When I was a kid living in PA my dad would take all the ground meat from any deer that we got to a guy that would make us a smoked sausage.  When we got it back we would hang it up in the basement or attic and let it dry for several weeks until the outside was all black and ugly looking.  I used to like it when the inside was still just a little pink and not completely dried out.  I remember it had anise or fennel in it, but no idea where else to start.  The guy no longer does this and we cannot get any details on his recipe.  is there a name for this specific type of sausage that you hang to dry?

I have tried a few times to recreate it, but it didn't turn out very well. I have no idea what the venison to pork ration should be, if I have to heat this type of sausage up to a specific temp, etc... 

I have not been able to find any recipes for how to make anything like this.

Is there anyone out there that is familiar with what I am talking about and may be able to point me to a recipe on how to make a sausage similar to this?  I used to love this stuff, and I am hoping someone can give me some guidance on how to make something similar.  Also, now I live in TN.  Will I have any problems drying this stuff out since the weather is not as cold here, or just hang it in the attic and maybe give it a little longer to dry?

I just completed a better smoker for sausage making so I am really looking forward to giving it a try again.

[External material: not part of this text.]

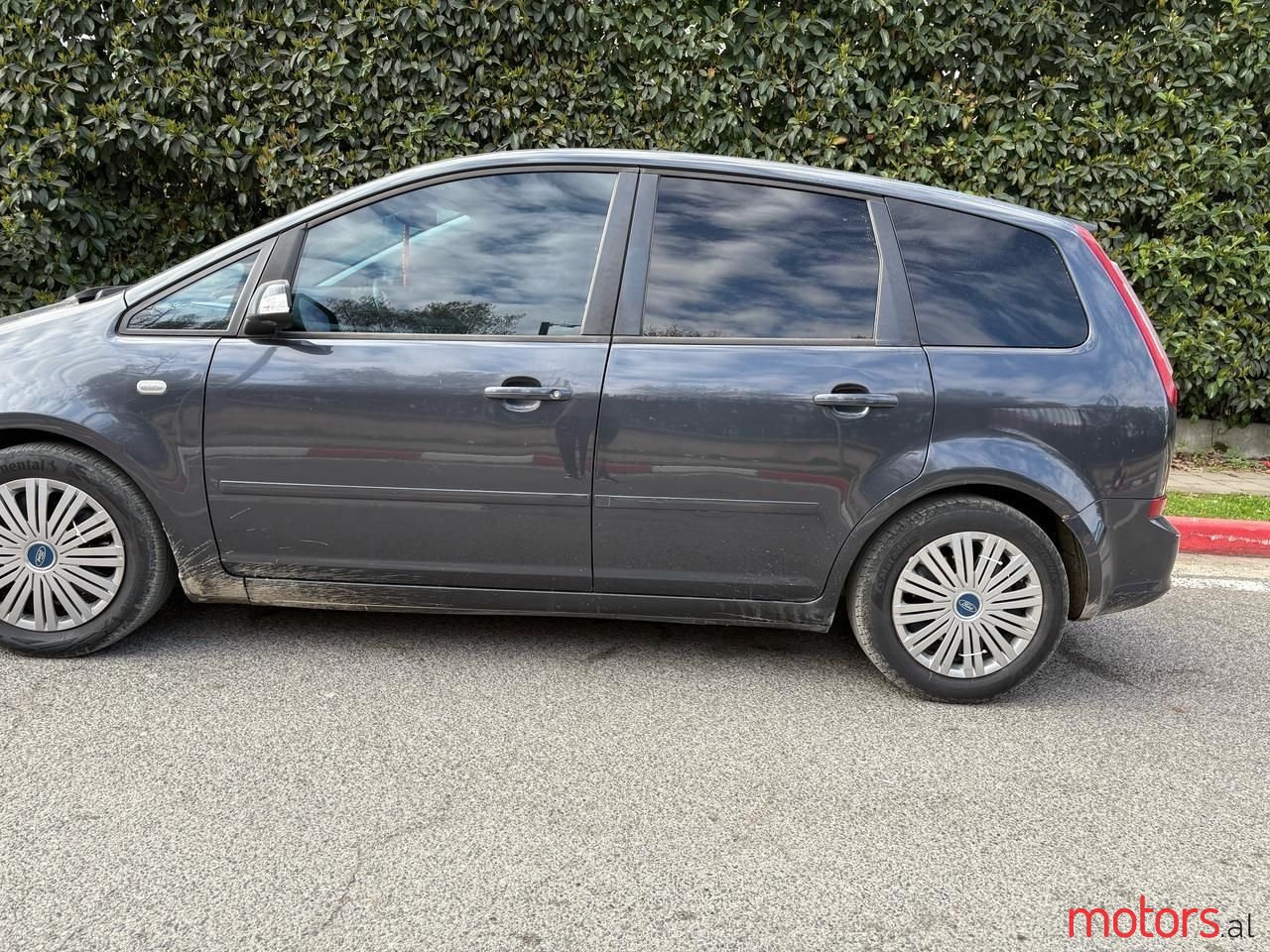 2009' Ford C-MAX photo #4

any help is greatly appreciated.


----------



## pops6927 (Oct 5, 2012)

I think Nepas would be the person to ask as he is a semi-dry sausage maker KING and knows many recipes.  I can give him a shout and see if he can stop in and provide some guidance, ok?

PM sent!


----------



## rinker312 (Oct 5, 2012)

That would be great, thanks for hte help.


----------



## boykjo (Oct 5, 2012)

He might have made some venison landjaeger..........

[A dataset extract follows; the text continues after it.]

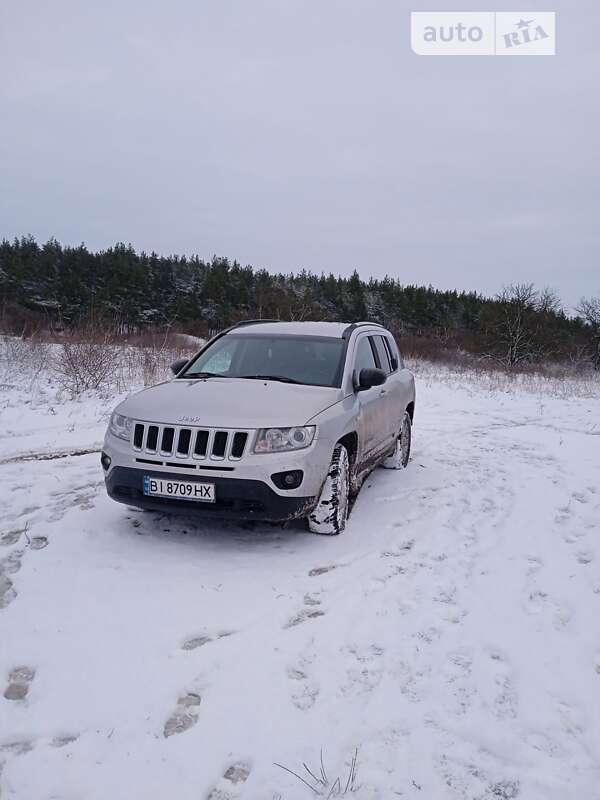 Jeep Compass, photos from the listing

http://honest-food.net/wild-game/venison-recipes/burger-meatball-recipes/venison-landjaeger/

Joe


----------



## diggingdogfarm (Oct 5, 2012)

rinker312 said:


> Is there anyone out there that is familiar with what I am talking about and may be able to point me to a recipe on how to make a sausage similar to this?



Sounds like Venison Salami Finocchiona (Fennel Salami).

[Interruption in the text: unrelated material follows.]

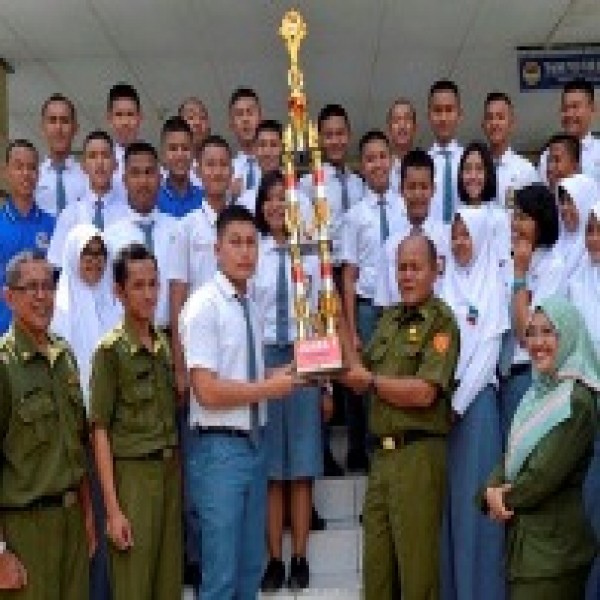 Marching Band Raih Juara Umum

Here's a recipe that could easily be converted to venison......

http://www.wedlinydomowe.com/sausage-recipes/salami-finocchiona

And info on fermenting sausages.....

http://www.wedlinydomowe.com/sausage-types/fermented-sausage


~Martin


----------



## rinker312 (Oct 5, 2012)

I don't think it is Landjaeger or Salami although thanks for the links I plan on trying some different stuff this year and will hold on to these links.  Searching around on the web looking at pictures I found the web site below that has a product that looks similar to what he used to make.  they just called it Dried venison ring.

http://www.venisonworld.com/product.asp?productID=14064


----------



## diggingdogfarm (Oct 5, 2012)

Yep, looks like the dried venison salami we used to make. :biggrin:


~Martin


----------



## BGKYSmoker (Oct 6, 2012)

What you show in the link is dried ring using cure #2. Landjaeger can be done in rings or loops. I lived in NEPA and did dried venison & elk. Gimme a couple days to look thru my recipes.


----------



## rinker312 (Oct 6, 2012)

That would be great. Thanks for your help


----------



## rinker312 (Oct 31, 2012)

NEPAS, just wondering if you were ever able to run down a recipe for this? 

Thanks for your help.


----------